退職時期が迫ってくると、受け取り方について悩むことがあると思います。
退職金を受け取ることは、人生で数回ですので、しっかり覚えておく必要はないでしょう。

退職金といえば、一括で受け取る「退職一時金」をイメージする方が多いですが、
退職金の制度は法律で定められているわけではありません。
それぞれの企業によって異なります。

そもそも退職金の制度は主に3つ存在します。

・定年時に全額まとめて受け取る「一時金形式」
・分割して受け取る「年金形式」
・これらを併用した「一時金と年金の併用形式」

併用形式では、一時金と年金の割合や金額を自分で選べることもあります。
日本経済団体連合会と東京経営者協会の調査では、併用形式を採用している企業が2018年9月末時点で7割超を占めているようです。
また、企業や勤続年数によっては、退職金が支給されない場合もありますので、
必ず事前に確認しておくことが大切です。
退職金の有無や金額を調べる際は、勤め先の人事部や総務部に問い合わせるのが確実です。
問い合わせが難しい場合は、就業規則の「退職金規定」を確認してください。
「退職金額の計算」や「年金給付額の計算」といった条文に詳細の記載があるはずです。

余談ですが、転職の際であれば、基本的に求人票に記載があります。
求人票に載っていない場合は、会社のホームページ新卒の方向けのページがあれば、
退職金の有無についても記載があることが多いです。

退職金は受け取り方によって手取りが変わることもあります。
注意したいのは、受け取り方で社会保険料や手取りが変わるということです。
なぜなら、「一時金形式」と「年金形式」では、税法の扱いや控除の仕組みが異なるからです。

 

「一時金形式」と「年金形式」の違いを見ていきましょう。

 

◉一時金形式で受け取る場合
・社会保険料には影響しない
・(退職金額-退職所得控除額)×1/2

退職控除額
勤続20年超:800万円+70万円×(勤続年数-20年)
勤続20年以下:40万円×勤続年数

(例)勤続38年、退職金3000万円であれば、退職控除額は2060万円が非課税です。

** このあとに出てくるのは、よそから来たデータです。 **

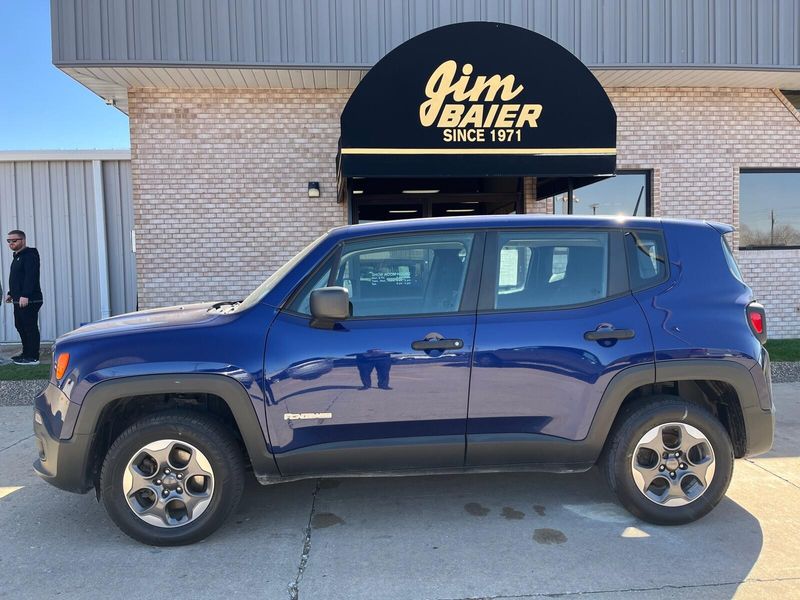 2018 Jeep Renegade SportImage 2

「一時金」として受け取る場合は、税法上「退職所得」扱いとなり、退職所得控除が適応されます。
退職金がこの控除内に収まれば、税金はかかりません。

退職所得控除は、その会社に勤めていた年数によって決まります。
勤続年数20年までは年40万円、20年を超えると年70万円ずつ増えていきます。
例えば、22歳から60歳まで38年間勤務した場合、
(20年×40万円)+(18年×70万円)で、控除額は2060万円となります。
控除額を超えると、超過額の半分が課税対象になり、他の所得と分けて税率が決まります。
ちなみに、この勤続年数は切り上げで計算されます。
仮に「1年と1日」の勤務でも、勤続年数は2年となるのです。
もし退職日が選べるのであれば、少しでも有利になる日程を選択すると良いでしょう。

 

◉年金形式で受け取る場合
・雑所得の対象
・社会保険料に影響

「年金形式」で受け取る場合、税法上は「雑所得」として扱われるため、
「公的年金等控除」という控除の対象となります。
公的年金等控除は、収入や年齢によって異なるので注意が必要です。
65歳以上で収入が330万円未満であれば年間110万円、656歳未満で収入が130万円未満であれば、
年間60万円の控除枠が設けられています。
控除額を超えた分は、全額が総合課税の対象となります。
公的年金等控除には「国民年金」や「厚生年金」といった公的年金や、「iDeCo」で受け取る金額も合算されます。「ねんきん定期便」などで将来の年金額を確認しつつ、控除内に収まるように受け取り方を工夫すると税負担を少なくできるのです。
ただ、年金形式の退職金は「雑所得」として扱われるので、健康保険料などの計算に影響します。
所得が増えると社会保険料の負担が増えることもあるため注意しなければなりません。

 

例として、65歳の方が退職金3000万円を受け取り、公的年金を203万円とする場合をみてみましょう。

▼「一時金形式」で3000万円を一括受け取りでは、その年の所得税が48万5200円、社会保険料は25万5160円です。

▼「一時金形式」で1500万円、残りの1500万円を「年金形式」で20年間(年間75万円/運用は考慮しない)かけて受け取ると1年間の所得税・住民税は8万4000円、社会保険料は38万6390円となります。

▼「年金形式」で3000万円を20年間(年150万円・運用は考慮しない)かけて受け取る場合、1年間の所得税・住民税は17万5100円、社会保険料は45万2454円となります。

 

実際のところ、税や社会保険の負担面だけではなく、「資産の状態」「何歳まで働くか」「年金はどれくらい受け取れるか」など、人それぞれの事情によって退職金の最適な受け取り方は異なります。
個人的には、一時金形式で受け取って資産運用をすることが良いと考えますが、
退職後も働くのであれば、退職所得控除の上限まで「一時金」で受け取り、残りを公的年金等控除の範囲に収まる形で「年金」として受け取ることが安心となる場合もあるでしょう。
また、「年金方式」では、年金を受け取り終えるまで企業が一定の利率で運用することがあります。
この利率は、給付利率といって2%台前半が多いので、自分で運用することができない方は少しでも受取額を増やすための手段ともなると思います。

 

現在、退職金や年金の受け取り方は多様化しております。
みなさんそれぞれの状況によって最適な受け取り方が異なります。
退職金は、退職の直前に慌てて考えるのでなく、事前に退職後のライフプランを考慮して検討しておくことが重要だといえます。